While most organizations understand that offering workplace learning is an important part of any organizational culture, most senior leaders don’t know what value training actually provides to an organization. Often times, we (the learning leaders) are our worst enemy when it comes to promoting and explaining the value of training to our organization.
A strong training department can deliver significant business results and also help drive a culture of learning. According to a report by IBM, organizations that have a strong training department and comprehensive training program for their employees can see better performance in:
- Revenue: Companies can experience $70,000 in annual savings and a 10% increase in productivity when teams are well trained.
- Employee Retention: 70% of (employees) stated that job-related training and development opportunities influenced their decision to stay at their job.
- Employee Engagement: 87% percent of millennials believe learning and development (L&D) in the workplace is important.
- Skills Development: 76% of employees say that a company would be more appealing if it offered additional skills training to its staff.
- Upskilling: 74% of workers are willing to upskill or reskill to remain relevant in today’s business world.
Determining the Value of Your Training Department
Understanding the value training can have on the success of an organization is critical. However, being able to communicate that value to key stakeholders and show leadership both the qualitative and quantitative values are just as important.
However, before you jump straight to surveys (which are still very critical), the training department must have a clear understanding of how it contributes to the organization’s success. In particular, the training department must have a defined purpose and clear vision, appropriately skilled and talented learning leaders and a clear understanding of leadership expectations for that department.
At the fundamental core of training is a simple but profound concept: The role of a training department is to be a strategic business partner for leaders, managers and employees. Once the training team has a clear understanding of their role in the business, the learning leaders must talk about it (and live it) constantly. A best practice is to start or end every presentation or training with the team’s purpose and strategic initiatives. This allows the training representative to explain the role of training and what trainers can do for the organization in a clear and concise manner.
Mastering L&D Skills
In order for learning leaders to effectively achieve the company’s mission and vision, it’s imperative that the learning and development (L&D) team has the talent and knowledge to not only be good facilitators, but also to master effective communication, coaching and consulting skills.
The best way to show value to your business partners is to show them how dedicated you are to your craft and how important you are to their success. By mastering these skills, you can better serve your clients as you work to help them achieve their strategic goals.
The best way to open doors to better coaching and consultative conversations is to conduct a formal needs assessment process that allows learning leaders to ask deep and probing questions. This process can allow organizations to showcase their coaching and consultation skills and allow them to be seen as a true strategic partner. Take the time to develop the talent on your team so they can be effective coaches, consultants, trainers and facilitators. You will see tremendous success.
Understanding What Leadership Wants
The importance of establishing open lines of communication with management and the C-suite couldn’t be more important. It is critical for your training department to understand the strategic goals of the organization as well as how each department is expected to contribute to the company’s achievements.
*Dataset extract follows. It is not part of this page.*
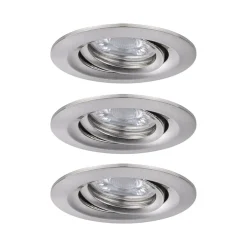 Paulmann Nova mini Plus LED easydim 3 kpl rauta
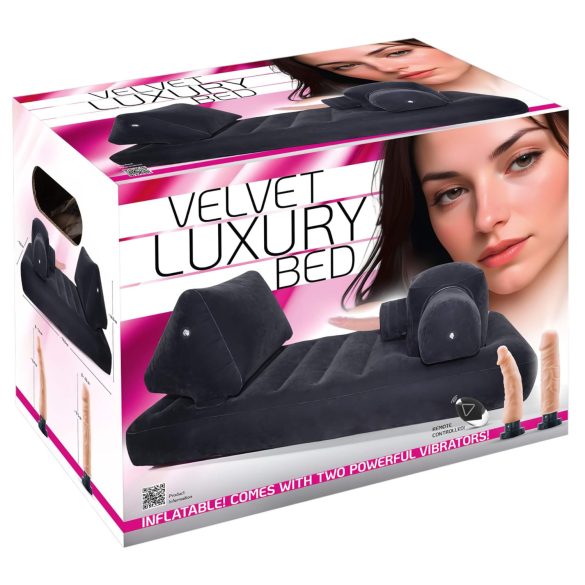 You2Toys Velvet Luxury - Sexmaschine mit integriertem Bett (schwarz)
With a clear understanding of what employees, managers and leaders need to do to achieve their strategic goals, the training department can begin to support the organization. Without a clear picture of what success is supposed to look like, you will have to guess how to manage support for your people.
Even if you create outstanding training programs and content, if it is not tied to key performance indicators (KPIs) — metrics for employee performance — the value of training will fail to be recognized. As a result, senior leaders may begin to question your role and its impact in the organization going forward.
While it may be difficult for some training departments to access senior leaders, you must strive to find a sponsor that believes in the department and what you are trying to do as a team. To some this may seem like “politics,” however it’s critical to your training department’s success and that of the organization.
Measure and Share What is Important
The last conversation you want to have with senior leaders is one that suggests the leadership team is not aware of what you are doing or how it aligns with the organization’s success. Ensure your training team has a way to measure success and share the results with leadership.
The training department must have a formal method monitoring and measuring how training aligns to the organization’s strategic initiatives. If you have a customer relationship management (CRM) platform use it. If you do not have one, find a way to create or buy one (there are also free versions out there).
By capturing all of what a training department does for the organization, you will be able to run reports and statistics that demonstrate your training value.
Another critical component of success is to implement a formal measurement process for your programs. For example, at GROWMARK, we use the Kirkpatrick’s Learning Evaluation Model to evaluate our formal training programs and courses. The data we’ve pulled using this model has been an important part of proving our training value.
Moving Forward
In today’s business world of fast-paced changes, shortened bursts of training and the need to prove training’s value, training departments must be able to quickly and effectively show how training contributes to the organization’s goals.
Determine your mission and vision, train your learning leaders to be more than trainers and collect and share as much data as you can that ties back to the organization’s strategy and goals. If you do this, you will suddenly find yourself being involved more in key decision-making and strategy meetings.